Darbe ve yargı ilişkisini hiç yorum yapmadan yakın tarihimizden örnekler vererek ortaya koymaya çalıştım.
Menderes, Özal ve Çiller'in yargı kullanılarak nasıl siyasi tasfiye girişimlerine maruz kaldığını yazdım. Bugün merhum Erbakan'ın aynı yöntemlerle nasıl siyasetten tasfiye edildiğini anlatacağım.
Bir kere belirtelim ki Erbakan'ın bütün siyasi hayatı boyunca kurduğu tüm partiler mahkeme tarafından ve asker talimatıyla kapatıldı. Milli Nizam Partisi böyledir, Milli Selamet Partisi böyledir, Refah Partisi böyledir. Refah Partisi'nin halkoyuyla iktidara gelmiş bir partiyken ve iktidardayken hakkında Cumhuriyet Başsavcısı tarafından kapatılma davası açıldığını, ardından da Anayasa Mahkemesi tarafından kapatıldığını unutmayalım.
***
Sadece Refah Partisi'ni kapatmakla kalmadılar, Erbakan Hoca inatla Fazilet Partisi'ni kurup, siyasete devam kararlılığını sergileyince, onu yine yargı eliyle siyasi kötürüm haline getirmek istediler.
Bunu yargı kendi inisiyatifiyle mi yaptı?

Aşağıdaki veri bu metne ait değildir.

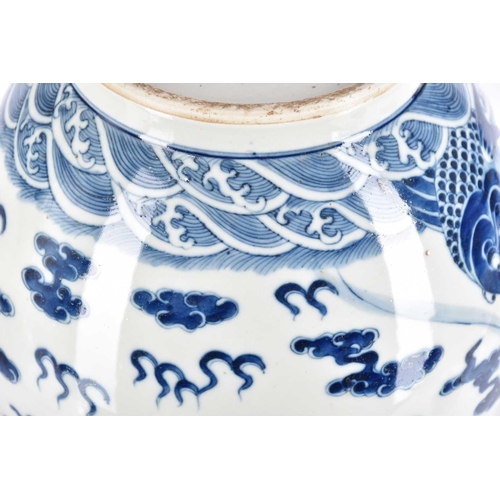 261 - A large Chinese blue & white tianqiuping dragon vase, the flared neck painted with spuming waves abo... 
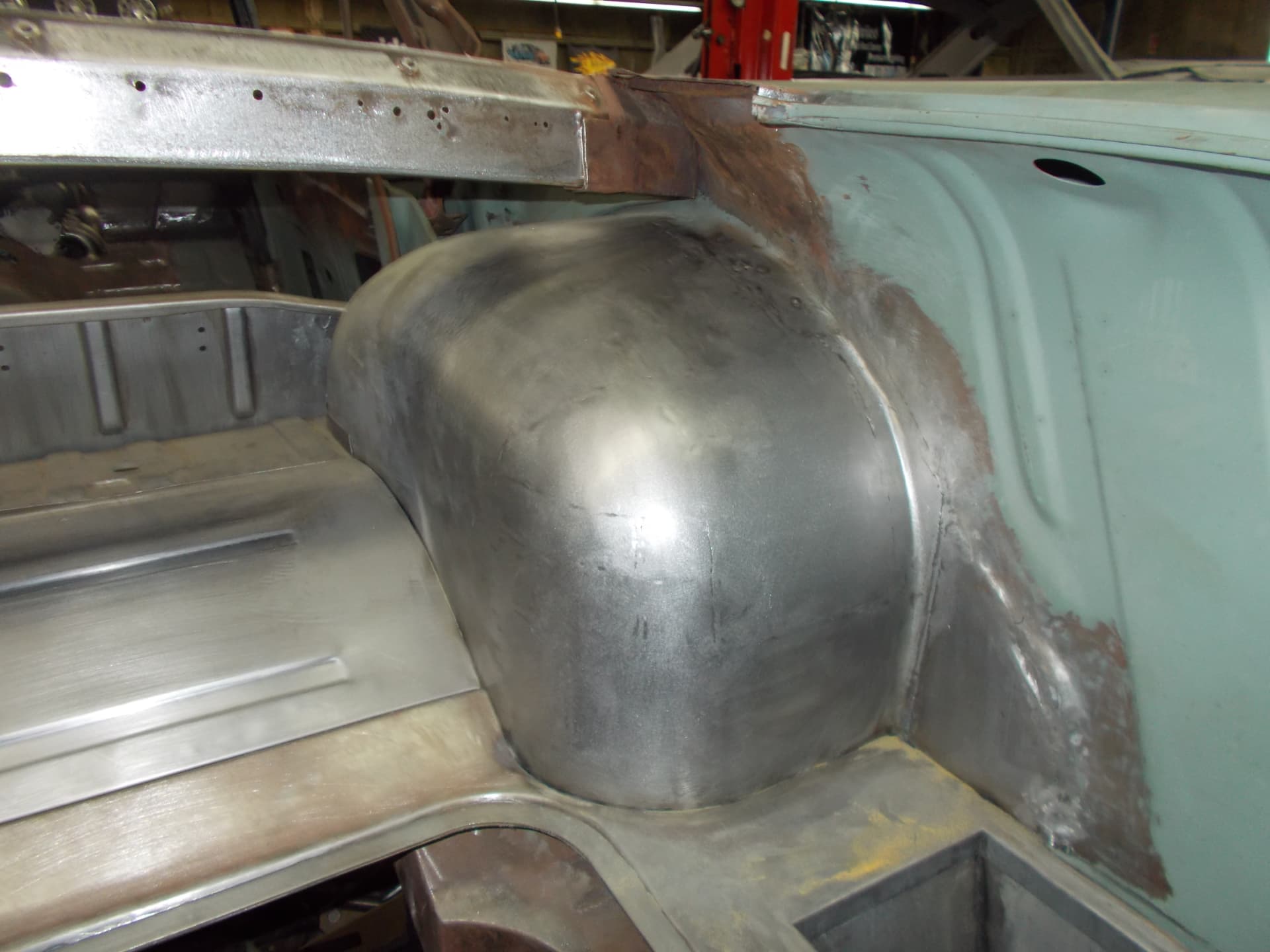 Hand-formed rear wheel-tub fabrication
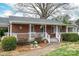 Inviting covered front porch featuring brick facade, white railing, and a bench at 816 S Point Rd, Belmont, NC 28012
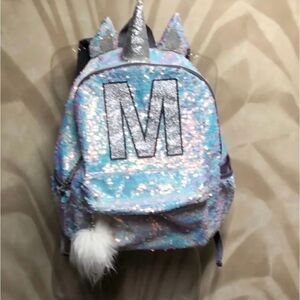 Iridescent silver sequin justice M mini bag backpack pom pom
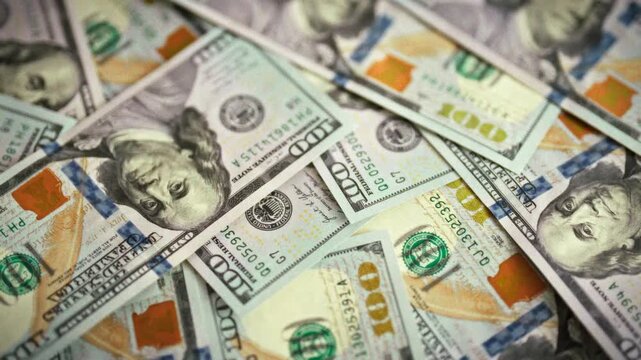 Ultra-close view of fresh one-hundred-dollar bills forms seamless texture backdrop, captured with smooth camera motion under even daylight, highlighting crisp currency, cash details, allure of money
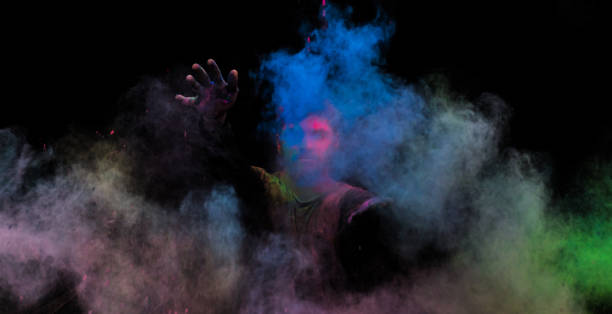 istock man in holi colors 1209403496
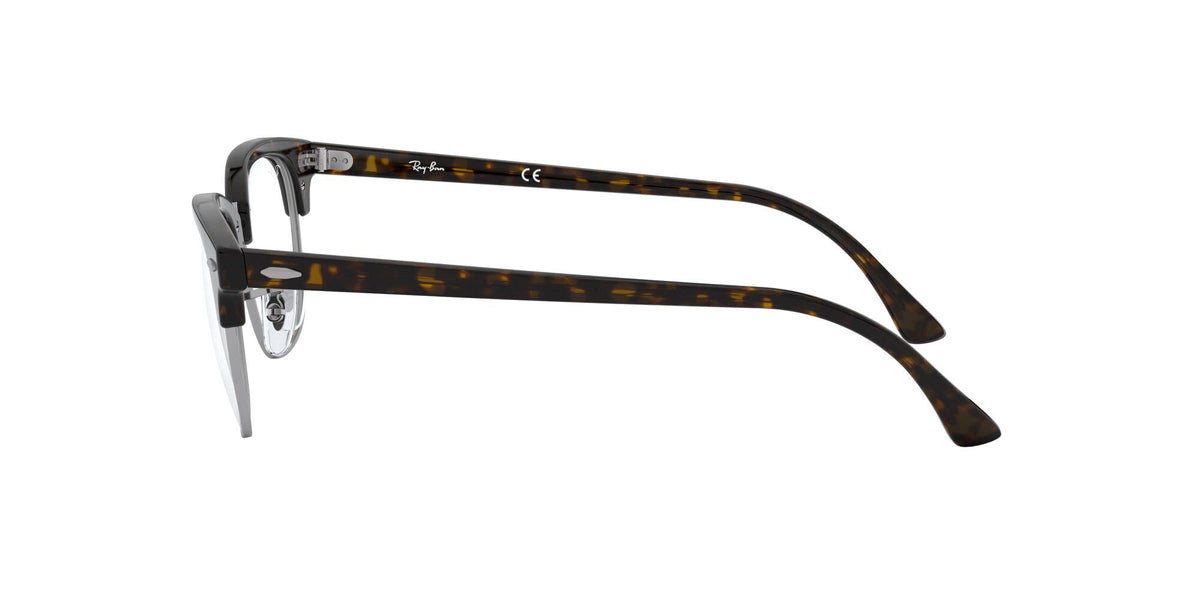 Prescription eyewear frame in dark with patterned temple arms and clear lenses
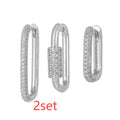 Geometric zircon ear clip set showing three square earrings with quadrilateral and ellipse designs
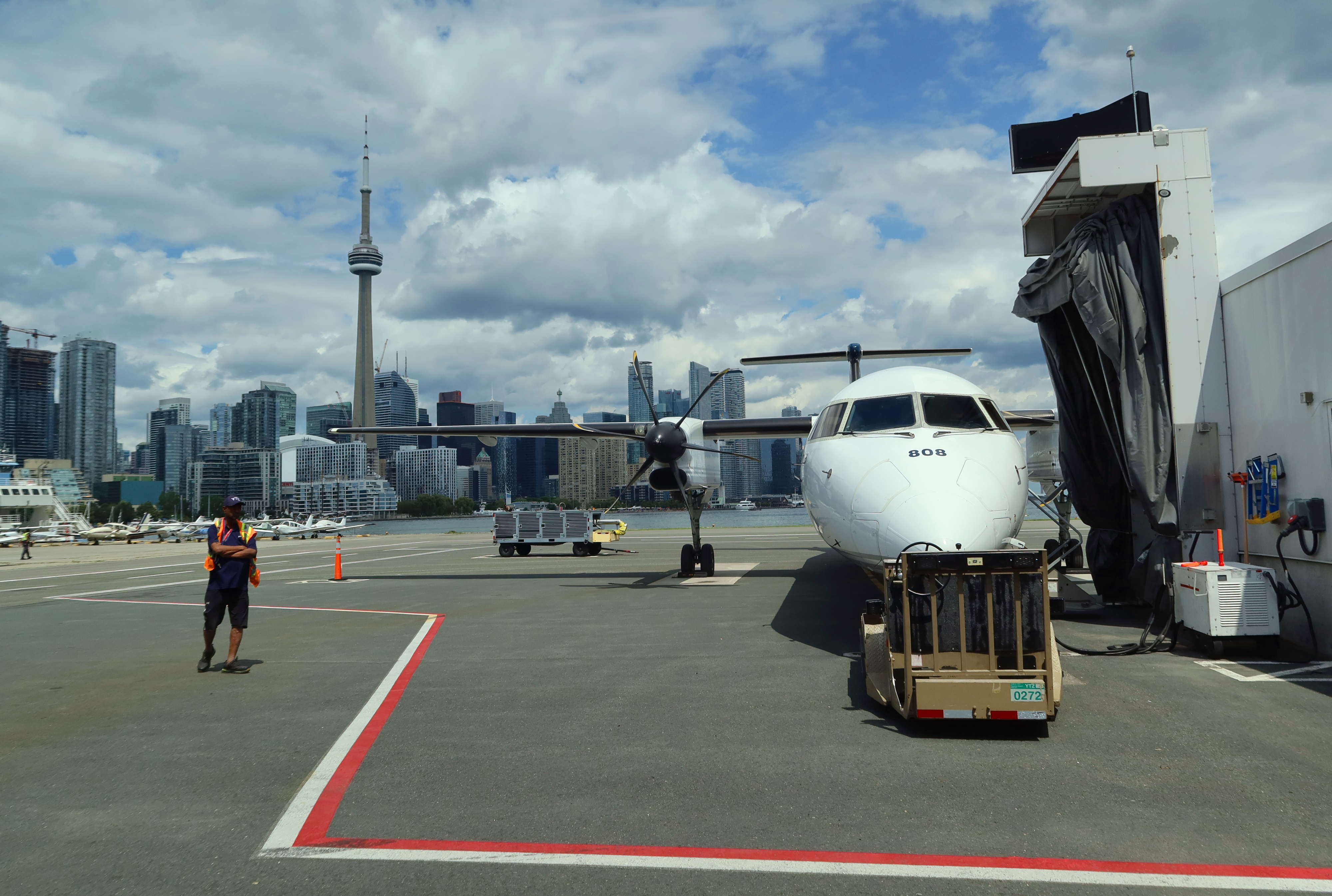 An airplane is parked at an airport gate. A worker is walking on the tarmac. The city skyline, including a tall tower, is visible in the background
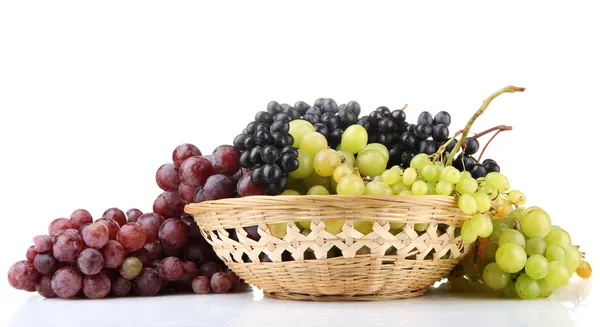 Assortment of ripe sweet grapes in basket, isolated on white — Stock Photo, Image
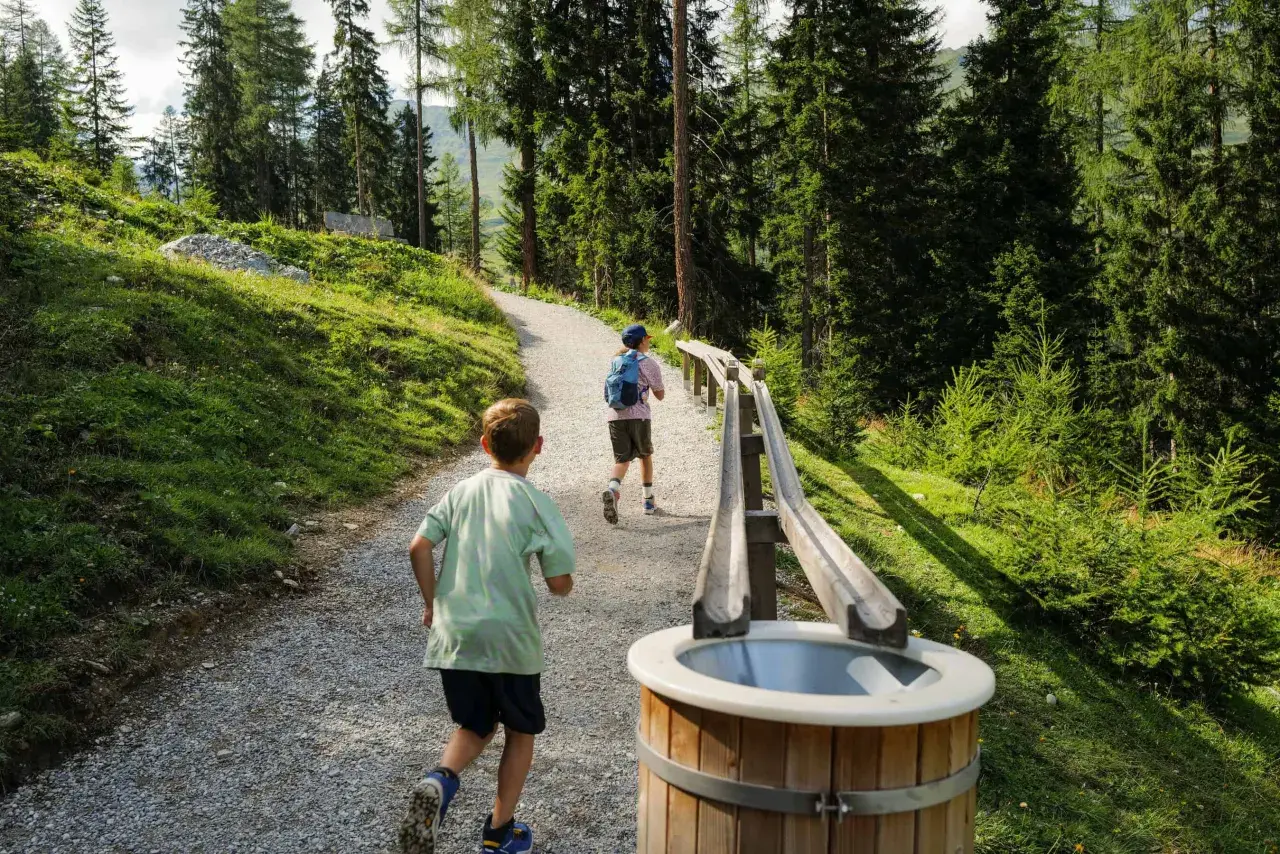 Zwei Kinder rennen auf einem Schotterweg an einer **outdoor kugelbahn** vorbei, umgeben von einem Wald und grünen Hängen.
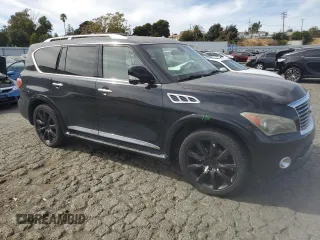 2012 Infiniti QX56 7-passenger with VIN JN8AZ2NE1C9016500, listed as a Copart auction lot 74600284 with 145,656 mi miles and Salvage Title. Bid and sale history available at carsss.com. Image 4.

Hayır, 28 Şubat'ta savcı ve hakimleri Genelkurmay Karargahı'na toplayıp hükümete karşı kim formatladıysa, onların direktifleriyle hareket etti yargı.
Erbakan Hoca'ya "partisinin parasını zimmetine geçirdiği" iddiasıyla dava açıldı, tıpkı Parsadan davasında Çiller hakkında açıldığı gibi.
Çiller kendini bu tuzaktan kurtardı ama Erbakan kurtulamadı.
Nitekim bastılar cezayı ve Erbakan Hoca'yı 80 yaşında hapse atmaya çalıştılar.
Başbakan Erdoğan'ın çabası olmasa Erbakan hapse girecekti.
Siyaset yapma hakkına "hukuken" engel koydular, yetmedi bir de zimmetine geçirdiği söylenen parayı faiziyle birlikte Erbakan'dan tahsil ettiler.
Erbakan ve ailesinin bu parayı ödemek için nasıl zorlandığını herkes biliyor.
***
Dikkat edin, Erbakan'ın başına gelenin kendinden öncekilerin başına gelenden hiçbir farkı yok.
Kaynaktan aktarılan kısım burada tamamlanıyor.